(Items from a data source)
□ □ □
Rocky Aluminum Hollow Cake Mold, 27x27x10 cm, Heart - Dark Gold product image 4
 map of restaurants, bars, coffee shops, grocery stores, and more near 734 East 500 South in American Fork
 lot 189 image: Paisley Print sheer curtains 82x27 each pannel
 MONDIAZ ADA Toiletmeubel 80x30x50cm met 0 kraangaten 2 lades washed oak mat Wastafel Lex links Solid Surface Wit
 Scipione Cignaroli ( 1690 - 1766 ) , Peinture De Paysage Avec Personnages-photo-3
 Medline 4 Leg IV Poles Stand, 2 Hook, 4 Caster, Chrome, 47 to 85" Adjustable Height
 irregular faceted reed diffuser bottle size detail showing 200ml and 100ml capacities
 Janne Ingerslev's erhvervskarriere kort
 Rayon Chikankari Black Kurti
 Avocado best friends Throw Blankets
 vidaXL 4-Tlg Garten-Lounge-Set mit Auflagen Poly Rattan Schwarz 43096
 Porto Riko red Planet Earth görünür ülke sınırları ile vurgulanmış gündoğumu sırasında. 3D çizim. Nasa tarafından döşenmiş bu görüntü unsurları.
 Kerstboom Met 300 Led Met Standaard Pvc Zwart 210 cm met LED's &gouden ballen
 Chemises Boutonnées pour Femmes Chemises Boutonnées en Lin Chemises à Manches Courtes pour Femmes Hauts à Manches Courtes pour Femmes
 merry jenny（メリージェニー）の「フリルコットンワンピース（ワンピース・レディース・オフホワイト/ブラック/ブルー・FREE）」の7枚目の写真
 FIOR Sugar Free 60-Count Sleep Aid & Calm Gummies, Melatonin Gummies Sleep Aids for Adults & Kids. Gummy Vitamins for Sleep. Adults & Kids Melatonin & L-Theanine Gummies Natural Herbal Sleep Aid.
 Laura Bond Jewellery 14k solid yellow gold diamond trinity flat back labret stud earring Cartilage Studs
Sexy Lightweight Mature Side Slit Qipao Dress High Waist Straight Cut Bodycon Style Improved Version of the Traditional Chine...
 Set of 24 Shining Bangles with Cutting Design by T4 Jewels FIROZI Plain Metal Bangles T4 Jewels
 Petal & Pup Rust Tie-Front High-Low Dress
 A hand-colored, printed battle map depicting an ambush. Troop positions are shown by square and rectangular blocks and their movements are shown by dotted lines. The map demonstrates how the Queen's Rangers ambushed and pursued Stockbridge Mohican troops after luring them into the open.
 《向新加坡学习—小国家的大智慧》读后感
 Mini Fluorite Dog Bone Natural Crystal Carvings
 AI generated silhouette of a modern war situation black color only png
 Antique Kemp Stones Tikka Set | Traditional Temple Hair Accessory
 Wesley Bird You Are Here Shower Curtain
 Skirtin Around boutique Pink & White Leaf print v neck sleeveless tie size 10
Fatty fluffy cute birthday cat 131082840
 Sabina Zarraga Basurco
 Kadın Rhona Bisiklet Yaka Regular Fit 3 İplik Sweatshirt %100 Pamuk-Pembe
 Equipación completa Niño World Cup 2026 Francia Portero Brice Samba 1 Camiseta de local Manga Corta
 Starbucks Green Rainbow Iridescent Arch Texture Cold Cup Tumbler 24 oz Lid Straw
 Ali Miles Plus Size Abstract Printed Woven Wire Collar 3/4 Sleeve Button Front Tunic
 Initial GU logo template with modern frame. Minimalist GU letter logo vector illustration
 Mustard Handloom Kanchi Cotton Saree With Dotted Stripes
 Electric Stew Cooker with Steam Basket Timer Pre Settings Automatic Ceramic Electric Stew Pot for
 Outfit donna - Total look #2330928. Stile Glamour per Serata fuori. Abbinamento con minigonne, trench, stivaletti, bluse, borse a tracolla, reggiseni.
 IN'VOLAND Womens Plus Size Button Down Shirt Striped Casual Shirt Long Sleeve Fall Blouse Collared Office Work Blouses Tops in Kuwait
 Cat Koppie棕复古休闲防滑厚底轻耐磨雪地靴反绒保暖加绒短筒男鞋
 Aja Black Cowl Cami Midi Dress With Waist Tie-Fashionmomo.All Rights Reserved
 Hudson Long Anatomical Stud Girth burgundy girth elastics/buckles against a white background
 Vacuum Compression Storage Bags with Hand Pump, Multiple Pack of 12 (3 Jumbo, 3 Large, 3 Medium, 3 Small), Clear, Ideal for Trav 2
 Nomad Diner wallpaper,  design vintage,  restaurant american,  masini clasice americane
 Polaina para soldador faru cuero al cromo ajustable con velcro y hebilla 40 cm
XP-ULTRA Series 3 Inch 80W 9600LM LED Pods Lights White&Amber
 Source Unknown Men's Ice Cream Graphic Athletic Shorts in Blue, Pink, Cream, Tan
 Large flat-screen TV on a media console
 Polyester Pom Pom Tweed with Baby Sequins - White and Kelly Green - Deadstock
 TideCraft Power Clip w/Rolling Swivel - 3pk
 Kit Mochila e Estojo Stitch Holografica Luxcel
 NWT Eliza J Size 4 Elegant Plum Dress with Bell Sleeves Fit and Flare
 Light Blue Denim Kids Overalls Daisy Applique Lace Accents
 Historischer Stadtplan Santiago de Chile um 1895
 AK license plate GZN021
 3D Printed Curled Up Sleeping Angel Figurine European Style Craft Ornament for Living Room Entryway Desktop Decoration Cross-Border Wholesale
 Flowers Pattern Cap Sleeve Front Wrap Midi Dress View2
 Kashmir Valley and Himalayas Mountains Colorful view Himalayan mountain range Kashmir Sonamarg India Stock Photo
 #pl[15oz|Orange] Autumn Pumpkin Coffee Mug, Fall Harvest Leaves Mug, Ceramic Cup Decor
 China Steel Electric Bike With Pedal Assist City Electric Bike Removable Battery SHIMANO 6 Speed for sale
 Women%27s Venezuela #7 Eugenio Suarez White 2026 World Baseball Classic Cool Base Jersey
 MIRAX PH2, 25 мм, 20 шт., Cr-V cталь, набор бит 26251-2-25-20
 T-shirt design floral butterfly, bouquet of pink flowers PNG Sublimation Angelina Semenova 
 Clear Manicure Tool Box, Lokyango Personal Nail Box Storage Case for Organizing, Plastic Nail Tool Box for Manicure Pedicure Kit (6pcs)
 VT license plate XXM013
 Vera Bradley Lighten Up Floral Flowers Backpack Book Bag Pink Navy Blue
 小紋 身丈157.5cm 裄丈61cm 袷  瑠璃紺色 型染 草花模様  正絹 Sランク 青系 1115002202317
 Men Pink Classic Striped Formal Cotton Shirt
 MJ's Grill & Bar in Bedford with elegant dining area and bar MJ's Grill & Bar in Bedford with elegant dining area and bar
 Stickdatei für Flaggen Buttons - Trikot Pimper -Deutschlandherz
□ □ □
Goal of the exercise: Could you transcribe the entries above word for word, from the line with "Polaina para soldador" down to the line with "Source Unknown Men's", keeping both?

Result of the task:
 Polaina para soldador faru cuero al cromo ajustable con velcro y hebilla 40 cm
XP-ULTRA Series 3 Inch 80W 9600LM LED Pods Lights White&Amber
 Source Unknown Men's Ice Cream Graphic Athletic Shorts in Blue, Pink, Cream, Tan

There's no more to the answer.